Once you have converted traffic on your website to leads (potential buyers you have permission to contact), your final goal as a B2B cleantech marketer is turning those leads into opportunities for your sales team. This process, known as lead nurturing, can save your sales reps lots of time explaining products and focus their efforts on closing the deal. And in a market such as B2B cleantech, where buyers require a great deal of knowledge before they are ready to purchase, lead nurturing is a vital part of the marketing funnel.
Let’s take a look at some of the best ways B2B cleantech suppliers can nurture their leads into sales opportunities:
The first question to ask when a potential buyer contacts you is how closely the buyer matches your typical customer profile. For cleantech suppliers, this likely means you need to know where the buyer is located; where they need the product to be delivered; order volume; the prospect’s job title or responsibilities; information about the company the prospect works for, such as industry, revenue, etc.; and the prospect’s contact details.
This will determine to what extent you need to screen the lead before passing it on as a qualified lead that your sales team may contact. It’s important to agree upon what defines a qualified lead with your sales team so that you can implement all the necessary procedures.
As for how to qualify the lead, you’ll need to experiment to figure out what works best for your business. Some cleantech suppliers require potential buyers to fill out all qualifying data on their web forms and gated content. While this method increases the percentage of leads that are qualified, long and complicated forms may also scare prospects away. Alternatively, try limiting your forms to the essential data then let staff or automated methods fill in the blanks. Only experimentation will reveal the sweet spot for your business.
No matter what lead qualifying method you choose, make sure it’s quick and efficient so that you can reply as quickly as possible to qualified leads when they request information, demos, or quotes. A well-known lead response management study by InsideSales.com, Inc. determined that the odds of qualifying a lead by replying within the first five minutes were 21 times higher than when replying after 30 minutes.
In the world of B2B cleantech, awareness gaps can be enormous, so once you have a lead’s details and their permission to stay in touch, your mission should be to narrow that knowledge gap as soon as possible. The first email in your sequence should deliver the content you promised on your website’s call to action, while the rest of your emails should deliver additional content (brochures, case studies, videos, webinars, white papers, etc.) about the product or product group in which the prospect has shown interest.
While all of the content you deliver should include calls to action for prospects to take the next step, such as requesting a product demo, quotation, or meeting with a sales rep, these calls to action don’t necessarily need to be part of the email itself. You can sprinkle your “big asks” (your primary calls to action) throughout your email sequence or right at the end when the awareness gap is nearly filled in. What works for you depends on the nature of your product, so experimentation is key.
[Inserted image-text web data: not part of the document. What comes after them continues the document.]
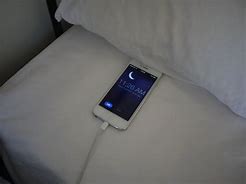 Image result for iPhone X in Bed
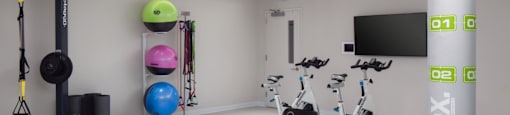 a workout room in a gym with weights and a tv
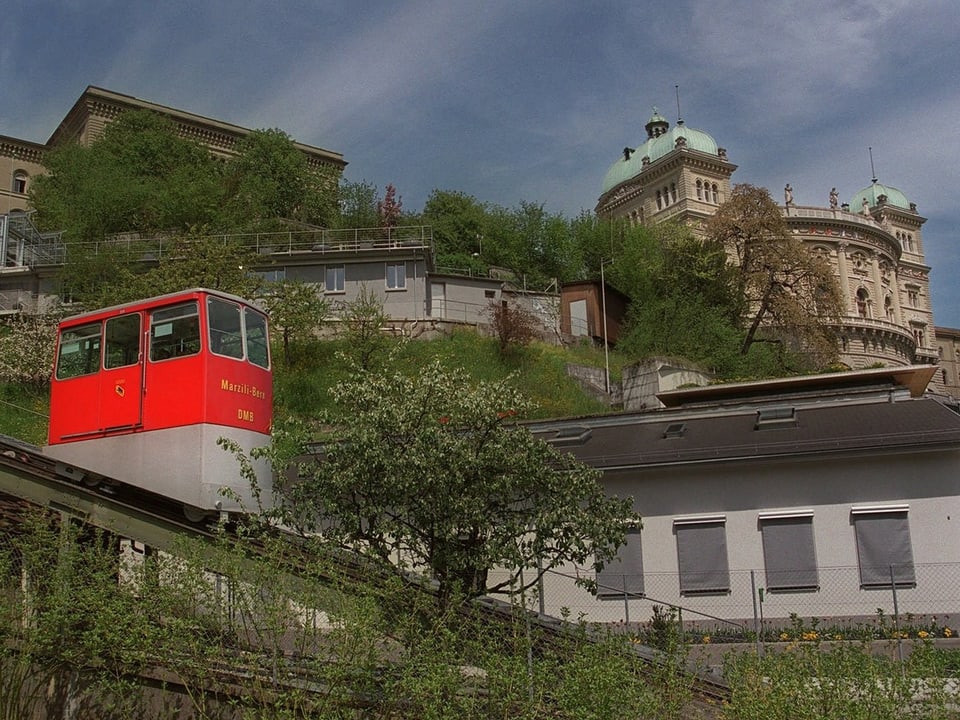 Das Bild zeigt eine kleine, rote Standseilbahn in Bern.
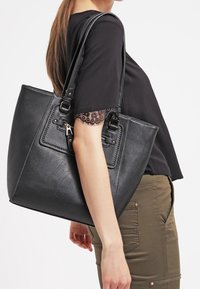 Svart faux läder tote-väska med dubbla handtag, strukturerad form, silverfärgade detaljer och en framficka. Texturerad yta med synlig sömnad.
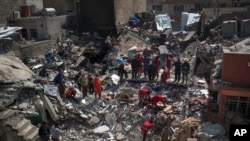 民防救援队员在摩苏尔西部被摧毁的建筑废墟内寻找尸体。（2017年3月24日）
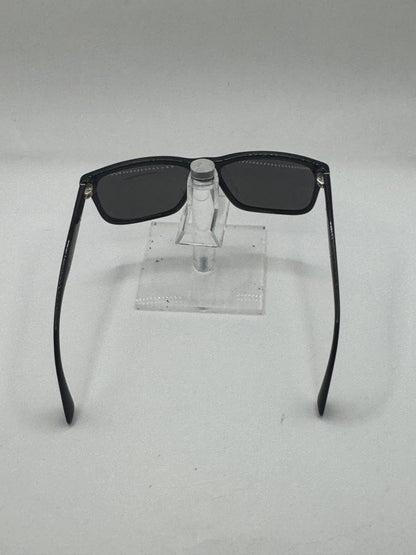 Prada Spr19s Sunglasses in color 1ab0a7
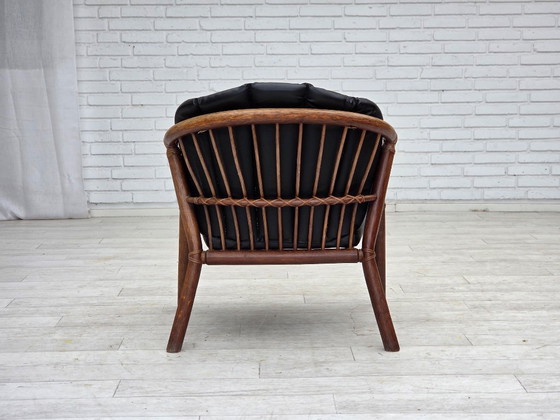 Image 1 of 1970s, Danish armchair, rattan, black artificial leather.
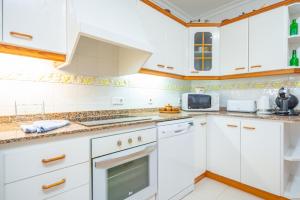 穆罗海滩North House的厨房配有白色橱柜和微波炉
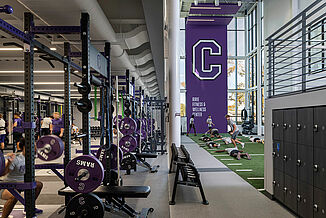 Cornell College - Athletic Performance and Turf View of the Cornell College, lower level athletic performance facility and the seamless transition with the turf area. The facility utilized REGUPOL aktiv flooring to provide a durable surface for athletes.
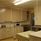 Large kitchen with microwave ovens.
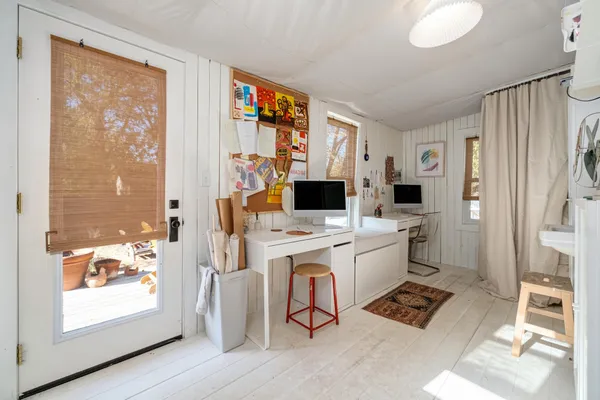 a view of living room filled with furniture and large window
Maybe your sales team only follows up on leads who respond affirmatively to the “big ask” in your nurturing sequences. That’s okay. But if you need a larger pool of opportunities for your sales team to work on, lead scoring can help. Lead scoring systems, which are usually integrated with marketing automation software, rank leads according to their behavior on your website (frequency and recency of visits, response to calls to actions…), their interactions with the emails you send them (opens & clicks), and how well they fit your typical customer profile.
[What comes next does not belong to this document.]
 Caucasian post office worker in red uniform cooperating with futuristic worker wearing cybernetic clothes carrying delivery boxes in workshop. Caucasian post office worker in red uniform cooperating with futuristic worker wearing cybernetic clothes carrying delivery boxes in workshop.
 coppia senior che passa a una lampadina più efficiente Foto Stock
Just because you’re actively emailing a prospect doesn’t mean you should stop targeting them with ads on other websites. Just as remarketing can help you lure back buyers who don’t convert to leads after their first visit to your website, remarketing is also a powerful way to keep your brand fresh in the minds of your current leads (prospects who are already on your email list) and increase the likelihood they become sales opportunities. Google Ads, LinkedIn, Twitter, and Facebook all allow you to target existing leads with ads by uploading a list of their email addresses. Like any marketing effort, you’ll need to experiment a bit to determine whether or not remarketing ROI makes sense for your business.